- _What you are asked to do_:
Pick up at the line with "spirea shrub". Write it out exactly, along with each later line through the end of the data, and nothing more.

- _Records for this exercise_:
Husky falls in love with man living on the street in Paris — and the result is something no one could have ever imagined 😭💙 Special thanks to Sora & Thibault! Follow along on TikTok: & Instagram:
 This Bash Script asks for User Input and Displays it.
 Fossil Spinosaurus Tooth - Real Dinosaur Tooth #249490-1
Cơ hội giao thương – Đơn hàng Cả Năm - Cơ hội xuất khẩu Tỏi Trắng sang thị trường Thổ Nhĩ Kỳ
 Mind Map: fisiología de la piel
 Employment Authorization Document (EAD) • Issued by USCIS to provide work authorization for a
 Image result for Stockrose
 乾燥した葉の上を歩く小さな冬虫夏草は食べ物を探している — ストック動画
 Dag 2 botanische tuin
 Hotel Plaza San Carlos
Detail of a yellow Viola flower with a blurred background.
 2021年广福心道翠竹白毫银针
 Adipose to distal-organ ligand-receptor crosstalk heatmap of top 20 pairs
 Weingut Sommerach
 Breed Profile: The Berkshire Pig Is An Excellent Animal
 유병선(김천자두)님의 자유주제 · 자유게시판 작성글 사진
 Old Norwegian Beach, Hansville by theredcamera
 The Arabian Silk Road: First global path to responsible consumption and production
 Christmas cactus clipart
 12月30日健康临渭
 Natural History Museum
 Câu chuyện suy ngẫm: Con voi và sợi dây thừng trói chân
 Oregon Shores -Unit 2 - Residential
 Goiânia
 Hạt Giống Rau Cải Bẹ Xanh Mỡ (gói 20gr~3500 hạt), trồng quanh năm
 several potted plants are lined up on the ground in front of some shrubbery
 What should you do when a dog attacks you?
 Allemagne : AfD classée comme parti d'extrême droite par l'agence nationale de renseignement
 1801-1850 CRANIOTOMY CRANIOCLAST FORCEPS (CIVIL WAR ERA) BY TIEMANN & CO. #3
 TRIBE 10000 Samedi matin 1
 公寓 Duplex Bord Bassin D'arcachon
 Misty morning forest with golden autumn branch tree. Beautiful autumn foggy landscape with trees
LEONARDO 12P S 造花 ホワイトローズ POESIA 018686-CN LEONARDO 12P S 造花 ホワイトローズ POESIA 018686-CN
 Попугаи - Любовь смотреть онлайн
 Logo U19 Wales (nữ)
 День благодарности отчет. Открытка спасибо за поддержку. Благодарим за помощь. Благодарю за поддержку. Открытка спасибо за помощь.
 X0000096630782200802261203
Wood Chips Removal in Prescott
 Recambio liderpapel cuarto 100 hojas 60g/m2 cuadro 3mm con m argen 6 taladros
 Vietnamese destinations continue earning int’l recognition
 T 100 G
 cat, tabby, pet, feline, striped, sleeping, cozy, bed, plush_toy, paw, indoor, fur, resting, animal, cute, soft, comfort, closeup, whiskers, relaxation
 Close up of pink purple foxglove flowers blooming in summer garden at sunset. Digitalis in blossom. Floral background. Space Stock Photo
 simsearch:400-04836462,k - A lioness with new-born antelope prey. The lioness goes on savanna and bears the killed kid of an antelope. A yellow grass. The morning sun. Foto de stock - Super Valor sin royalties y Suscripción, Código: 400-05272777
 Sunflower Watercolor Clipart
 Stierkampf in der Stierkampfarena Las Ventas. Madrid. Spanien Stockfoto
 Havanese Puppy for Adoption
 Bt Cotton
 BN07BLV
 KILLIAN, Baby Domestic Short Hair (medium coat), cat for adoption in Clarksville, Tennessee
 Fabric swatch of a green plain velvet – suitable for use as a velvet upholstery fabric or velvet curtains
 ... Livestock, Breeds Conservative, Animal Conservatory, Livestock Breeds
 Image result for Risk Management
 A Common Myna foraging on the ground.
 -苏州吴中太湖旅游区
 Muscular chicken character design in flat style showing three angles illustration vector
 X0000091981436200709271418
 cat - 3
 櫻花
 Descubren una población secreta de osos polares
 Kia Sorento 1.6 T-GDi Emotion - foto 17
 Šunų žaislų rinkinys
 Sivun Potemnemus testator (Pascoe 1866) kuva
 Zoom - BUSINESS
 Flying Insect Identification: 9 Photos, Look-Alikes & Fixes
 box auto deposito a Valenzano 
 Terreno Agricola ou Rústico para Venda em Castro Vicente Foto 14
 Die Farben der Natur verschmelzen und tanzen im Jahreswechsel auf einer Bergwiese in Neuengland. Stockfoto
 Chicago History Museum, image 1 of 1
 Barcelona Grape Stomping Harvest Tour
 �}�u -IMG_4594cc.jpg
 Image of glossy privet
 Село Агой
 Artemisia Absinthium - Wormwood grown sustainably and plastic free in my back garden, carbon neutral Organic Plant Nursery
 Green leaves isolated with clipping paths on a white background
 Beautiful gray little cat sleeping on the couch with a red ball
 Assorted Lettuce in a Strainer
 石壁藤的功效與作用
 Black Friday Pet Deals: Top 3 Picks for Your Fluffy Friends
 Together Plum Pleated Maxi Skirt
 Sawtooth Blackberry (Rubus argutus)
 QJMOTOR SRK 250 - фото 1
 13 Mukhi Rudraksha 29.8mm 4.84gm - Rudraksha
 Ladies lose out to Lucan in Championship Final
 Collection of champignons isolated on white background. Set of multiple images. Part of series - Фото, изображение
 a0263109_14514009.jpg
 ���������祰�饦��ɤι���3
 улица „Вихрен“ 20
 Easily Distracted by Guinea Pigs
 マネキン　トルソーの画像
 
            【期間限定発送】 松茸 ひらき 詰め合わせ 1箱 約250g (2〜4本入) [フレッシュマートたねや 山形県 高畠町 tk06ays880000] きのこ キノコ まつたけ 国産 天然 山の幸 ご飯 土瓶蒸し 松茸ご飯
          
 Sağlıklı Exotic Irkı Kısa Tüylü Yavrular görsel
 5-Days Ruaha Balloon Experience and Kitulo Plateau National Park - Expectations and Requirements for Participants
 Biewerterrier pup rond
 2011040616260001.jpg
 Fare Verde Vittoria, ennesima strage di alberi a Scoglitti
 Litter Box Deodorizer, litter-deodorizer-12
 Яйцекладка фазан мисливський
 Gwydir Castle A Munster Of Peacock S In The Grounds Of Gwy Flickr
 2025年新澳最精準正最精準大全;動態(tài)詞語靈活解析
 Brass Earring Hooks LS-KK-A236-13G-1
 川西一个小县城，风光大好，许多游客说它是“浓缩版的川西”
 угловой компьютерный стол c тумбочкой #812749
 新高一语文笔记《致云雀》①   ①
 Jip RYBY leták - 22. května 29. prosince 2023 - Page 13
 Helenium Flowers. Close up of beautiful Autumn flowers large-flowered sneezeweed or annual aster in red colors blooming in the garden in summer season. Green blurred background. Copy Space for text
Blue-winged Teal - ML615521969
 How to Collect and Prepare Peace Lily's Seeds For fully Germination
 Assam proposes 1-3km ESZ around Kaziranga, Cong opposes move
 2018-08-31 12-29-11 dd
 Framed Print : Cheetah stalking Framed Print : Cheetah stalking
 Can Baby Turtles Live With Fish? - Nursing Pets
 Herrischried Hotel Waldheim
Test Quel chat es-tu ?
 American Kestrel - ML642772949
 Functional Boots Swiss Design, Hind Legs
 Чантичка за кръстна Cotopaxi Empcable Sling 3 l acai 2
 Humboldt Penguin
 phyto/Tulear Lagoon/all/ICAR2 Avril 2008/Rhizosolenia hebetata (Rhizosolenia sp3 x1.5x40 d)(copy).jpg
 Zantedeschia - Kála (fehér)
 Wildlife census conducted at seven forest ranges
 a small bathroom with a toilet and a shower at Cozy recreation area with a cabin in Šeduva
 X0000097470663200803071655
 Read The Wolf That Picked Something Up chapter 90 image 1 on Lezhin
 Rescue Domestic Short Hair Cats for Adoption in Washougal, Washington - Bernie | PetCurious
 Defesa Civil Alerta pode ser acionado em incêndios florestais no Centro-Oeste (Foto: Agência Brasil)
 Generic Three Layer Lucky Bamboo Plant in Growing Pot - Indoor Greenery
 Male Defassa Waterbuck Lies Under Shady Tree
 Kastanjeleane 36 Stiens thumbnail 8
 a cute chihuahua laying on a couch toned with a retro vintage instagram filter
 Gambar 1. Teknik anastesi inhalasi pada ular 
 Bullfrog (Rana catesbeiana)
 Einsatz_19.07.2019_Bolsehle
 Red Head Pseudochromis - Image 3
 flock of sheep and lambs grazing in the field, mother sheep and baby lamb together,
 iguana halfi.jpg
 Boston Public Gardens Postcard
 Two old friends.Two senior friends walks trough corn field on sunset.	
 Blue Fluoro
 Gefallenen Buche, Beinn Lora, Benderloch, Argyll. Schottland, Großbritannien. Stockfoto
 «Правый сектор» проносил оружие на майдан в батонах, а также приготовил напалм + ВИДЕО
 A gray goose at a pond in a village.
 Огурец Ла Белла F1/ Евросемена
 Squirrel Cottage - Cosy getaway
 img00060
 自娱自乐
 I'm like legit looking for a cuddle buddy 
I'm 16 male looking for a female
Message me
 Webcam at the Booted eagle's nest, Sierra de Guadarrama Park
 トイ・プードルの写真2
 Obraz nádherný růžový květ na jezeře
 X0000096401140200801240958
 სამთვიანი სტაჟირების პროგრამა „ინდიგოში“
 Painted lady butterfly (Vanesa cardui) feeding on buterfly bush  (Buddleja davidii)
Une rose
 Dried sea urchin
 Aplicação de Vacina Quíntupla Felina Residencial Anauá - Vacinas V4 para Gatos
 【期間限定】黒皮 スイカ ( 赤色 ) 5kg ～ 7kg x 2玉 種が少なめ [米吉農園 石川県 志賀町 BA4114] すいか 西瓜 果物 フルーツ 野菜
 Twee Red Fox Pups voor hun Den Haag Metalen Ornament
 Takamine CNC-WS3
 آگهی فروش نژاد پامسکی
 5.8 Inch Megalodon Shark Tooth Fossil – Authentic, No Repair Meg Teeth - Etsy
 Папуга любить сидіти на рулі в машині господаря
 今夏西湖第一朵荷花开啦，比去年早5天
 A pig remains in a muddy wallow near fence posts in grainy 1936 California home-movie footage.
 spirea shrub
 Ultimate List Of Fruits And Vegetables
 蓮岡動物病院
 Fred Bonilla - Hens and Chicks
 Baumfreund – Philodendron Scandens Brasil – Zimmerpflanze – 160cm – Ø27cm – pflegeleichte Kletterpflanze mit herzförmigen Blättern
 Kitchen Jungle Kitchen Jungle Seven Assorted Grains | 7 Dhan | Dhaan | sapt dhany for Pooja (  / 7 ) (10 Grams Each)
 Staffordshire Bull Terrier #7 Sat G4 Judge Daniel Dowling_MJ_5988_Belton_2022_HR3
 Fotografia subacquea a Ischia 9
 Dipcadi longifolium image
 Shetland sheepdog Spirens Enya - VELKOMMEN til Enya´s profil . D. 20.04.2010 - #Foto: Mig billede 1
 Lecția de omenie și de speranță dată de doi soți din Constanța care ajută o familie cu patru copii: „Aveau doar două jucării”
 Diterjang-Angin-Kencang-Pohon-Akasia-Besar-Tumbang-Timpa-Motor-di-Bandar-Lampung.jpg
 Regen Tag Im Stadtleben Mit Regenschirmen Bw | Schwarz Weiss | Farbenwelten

- _Your solution_:
 spirea shrub
 Ultimate List Of Fruits And Vegetables
 蓮岡動物病院
 Fred Bonilla - Hens and Chicks
 Baumfreund – Philodendron Scandens Brasil – Zimmerpflanze – 160cm – Ø27cm – pflegeleichte Kletterpflanze mit herzförmigen Blättern
 Kitchen Jungle Kitchen Jungle Seven Assorted Grains | 7 Dhan | Dhaan | sapt dhany for Pooja (  / 7 ) (10 Grams Each)
 Staffordshire Bull Terrier #7 Sat G4 Judge Daniel Dowling_MJ_5988_Belton_2022_HR3
 Fotografia subacquea a Ischia 9
 Dipcadi longifolium image
 Shetland sheepdog Spirens Enya - VELKOMMEN til Enya´s profil . D. 20.04.2010 - #Foto: Mig billede 1
 Lecția de omenie și de speranță dată de doi soți din Constanța care ajută o familie cu patru copii: „Aveau doar două jucării”
 Diterjang-Angin-Kencang-Pohon-Akasia-Besar-Tumbang-Timpa-Motor-di-Bandar-Lampung.jpg
 Regen Tag Im Stadtleben Mit Regenschirmen Bw | Schwarz Weiss | Farbenwelten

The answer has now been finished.